Wo Steuersündern die Todesstrafe droht

von Jana Kötter, 14. März 2014

Dreieinhalb Jahre muss Uli Hoeneß ins Gefängnis - weil er Steuern hinterzogen hat. Heute hat der Ex-Fußballstar bekannt gegeben, dass er auf eine Revision verzichtet. Er akzeptiert die Haftstrafe und tritt als Präsident und Aufsichtsratschef des FC Bayern München zurück. In Deutschland entbrannt über den Fall Hoeneß hinaus eine Debatte, wie hart Steuersünder bestraft werden müssen - ein Thema, das auch in China aktuell ist. Denn Präsident Xi Jinping hat Korruption, Steuerhinterziehung und dem luxuriösen Leben der Parteifunktionäre offiziell den Kampf angesagt.

 

Das Auslöschen der Korruption ist das Steckenpferd von Chinas Präsident Xi Jinping, der seit seinem Amtsantritt im März 2013 den Anti-Korruptions-Kampf zu seinem offiziellen Ziel formuliert hat. Die bis heute weit verbreitete Korruption, Steuern, die am Staat vorbeigeschleust werden, und der luxuriöse Lebensstil vieler Parteifunktionäre sollen ein Ende haben. Denn trotz aller Unterschiede haben sie eines gemeinsam: Sie schaden dem Staat - nicht nur finanziell, sondern auch, indem bestehende Strukturen aufgelöst und hintergangen werden.

 

Dass Xis Kampf dabei erste Erfolge zu haben scheint, zeigt sich zunehmend in der Luxusbranche des Landes. So ist beispielsweise der Verkauf teurer Uhren, die mehr als ein Fünftel des chinesischen Marktes für Luxusartikel ausmachen, vergangenes Jahr um elf Prozent auf 27 Milliarden Yuan (3,2 Milliarden Euro) zurückgegangen, wie eine Untersuchung der Beratungsfirma Bain & Company zeigte.

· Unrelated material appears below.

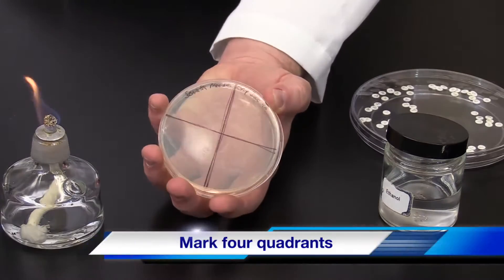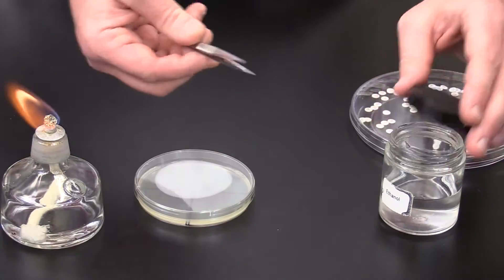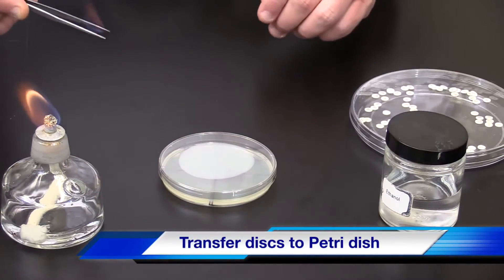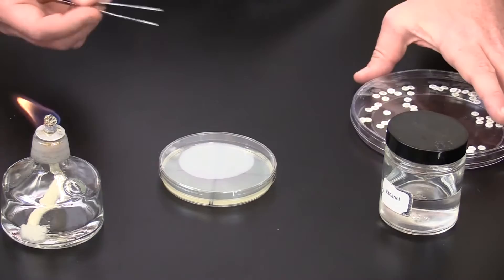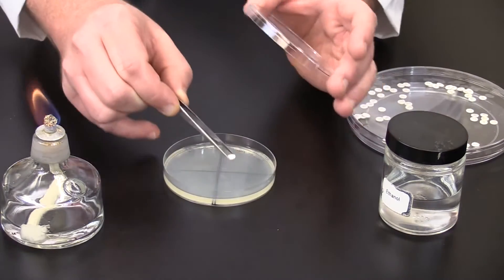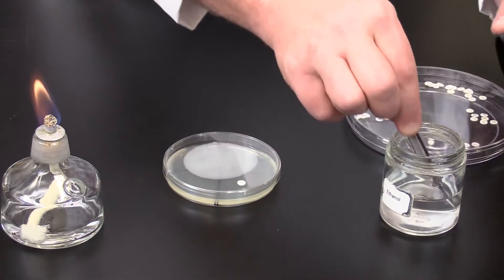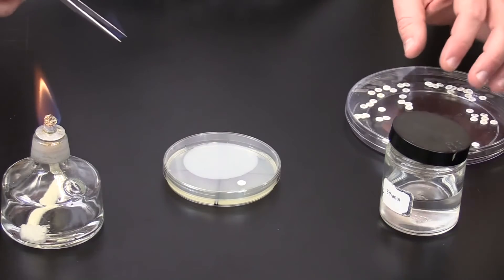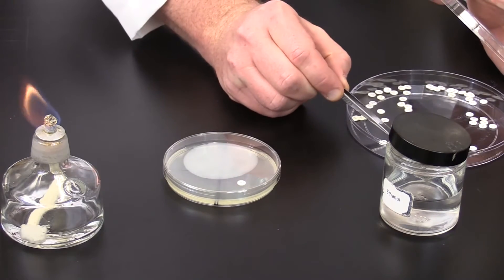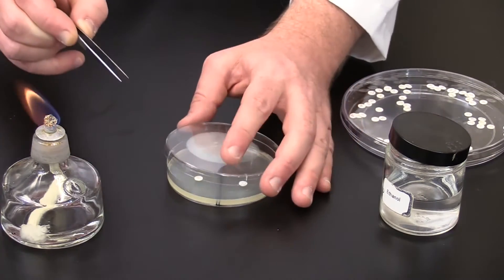With a marker, divide the plate into four quadrants. Flame sterilize the forceps and make certain the ethanol has burned off completely and allow it to briefly cool. Pick up a disc carefully and place within one quadrant and tap lightly. Flame sterilize the forceps between placing discs. Again, remove the lid, place the disc, and gently tap.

Zusammen mit dem wirtschaftlichen Aufschwung der Volksrepublik war in den vergangenen Jahren auch der Absatz von Luxusartikeln in die Höhe geschnellt. 2013 legten die Gesamtverkaufszahlen der Untersuchung zufolge allerdings nur um zwei Prozent auf 116 Milliarden Yuan zu. 2011 habe der Markt für Luxuswaren hingegen noch um 30 Prozent zugelegt – ein Zeichen, dass nicht nur immer mehr Chinesen der Aufstieg in die Mittelklasse gelingt, sondern auch dafür, dass die Korruption floriert.


Geldgeschenke und teure Luxusprodukte sind unter vielen hohen Parteifunktionären eine gern gesehene Gabe – die die ein oder andere Entscheidung durchaus beeinflussen können. Auch die hongbao, rote Umschläge, die Geld enthalten, sind an Feiertagen wie dem Chinesischen Neujahrsfest eine übliche Geste an lokale Politiker, Schuldirektoren oder Ärzte, deren Hilfe sich die Gebenden im Notfall versprechen.

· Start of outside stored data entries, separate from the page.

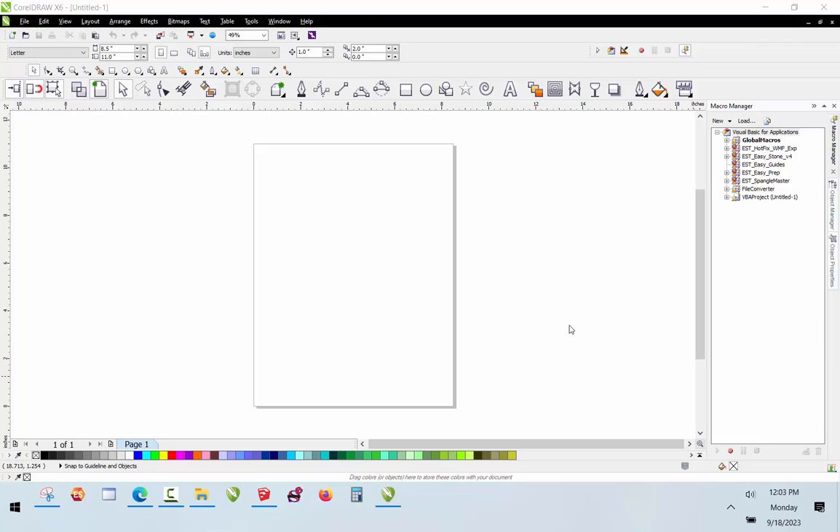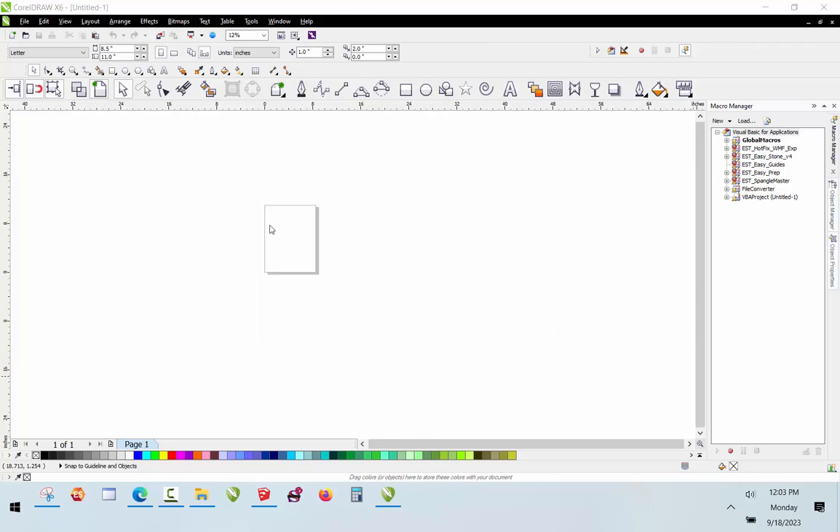In this video I thought it might be fun to show our design process. We've got a project for a customer and we're going to start here in CorelDRAW — a program I've used a lot over my lifetime in various fields. What we're going to do is design a backdrop that needs to be eight foot by eight foot.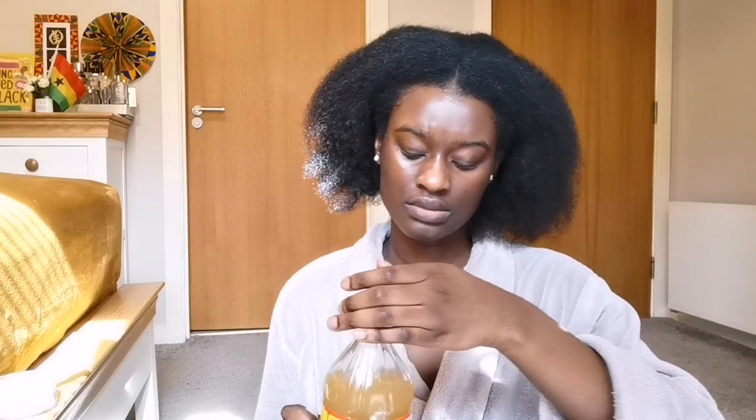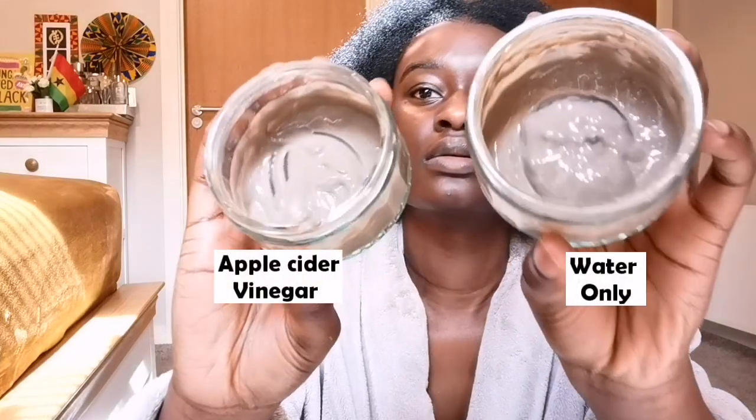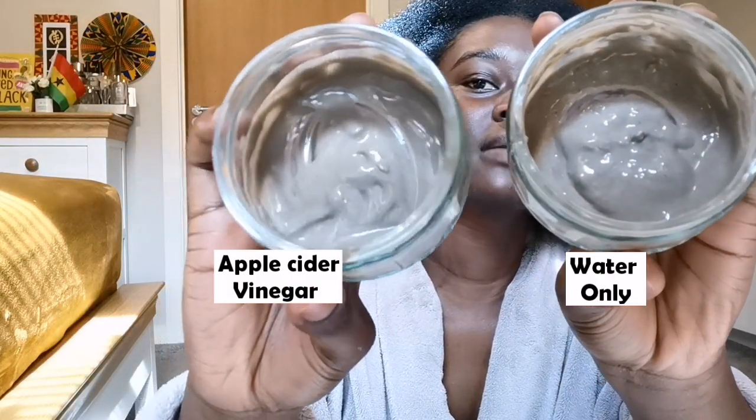This is what the water one's consistency looks like. Now for the apple cider vinegar one - I'm not sure if we're meant to dilute it, but I'm not going to. There's a bit of a reaction happening here - you can see the bubbles. I didn't get that with the water one, that's the first difference I'm realizing. The apple cider vinegar version looks smoother and kind of more moisturized. Apple cider seems just smoother overall.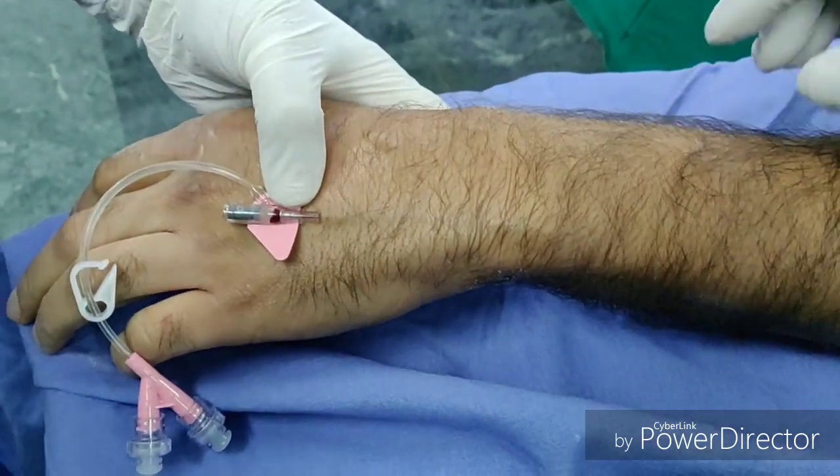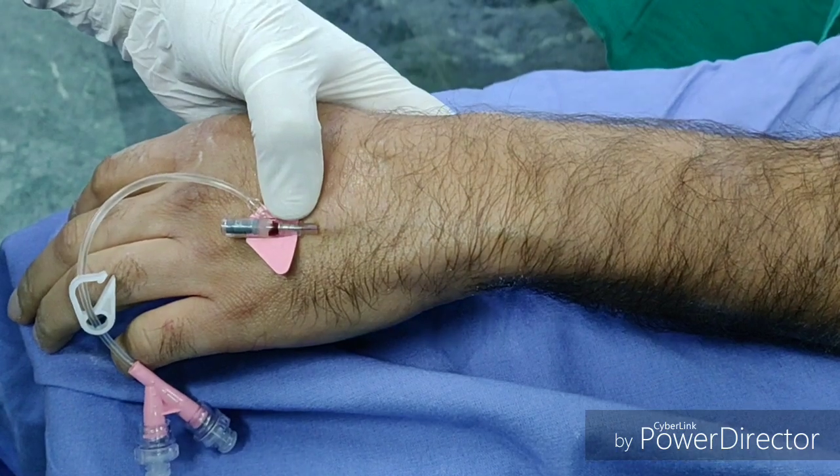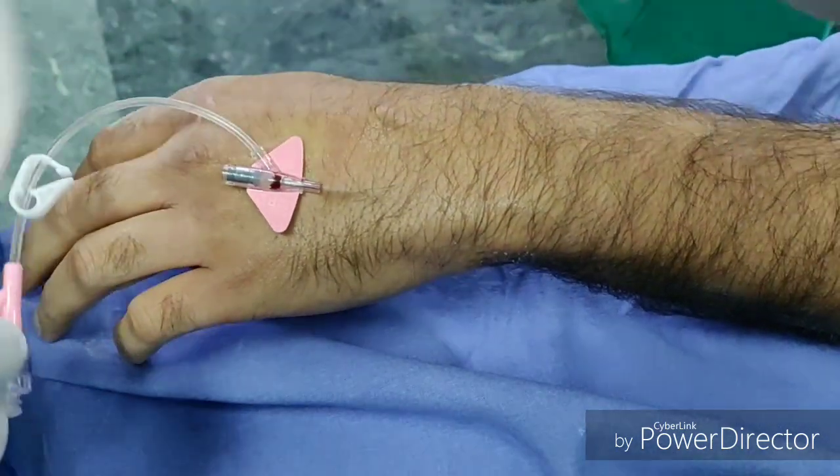The tourniquet is released and the needle is discarded in the sharps box. The IV cannula is now flushed with saline.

Xi Jinping hatte die Korruption bei seinem Amtsantritt als Gefahr für die Zukunft der Kommunistischen Partei bezeichnet und den Kampf dagegen zur politischen Priorität erklärt.

 

Hart angegangen wird übrigens auch -und das nicht nur seit Xis Amtsantritt- die Steuerhinterziehung. Im Höchstfall steht auf die Anklage toushui-loushui sogar die Todesstrafe: Der Privatunternehmer Ye Shuangkai aus Xiamen bezahlte seinen Steuerschwindel über Mehrwertsteuerfälschungen via Pseudofirmen im Oktober 2007 mit dem Tode. Und auch der Zhejianger Bauunternehmer Chen Xuejun wurde hingerichtet, nachdem ihm 2005 ein Pekinger Gericht rund 40 Millionen Euro Mehrwertsteuerbetrug nachwies.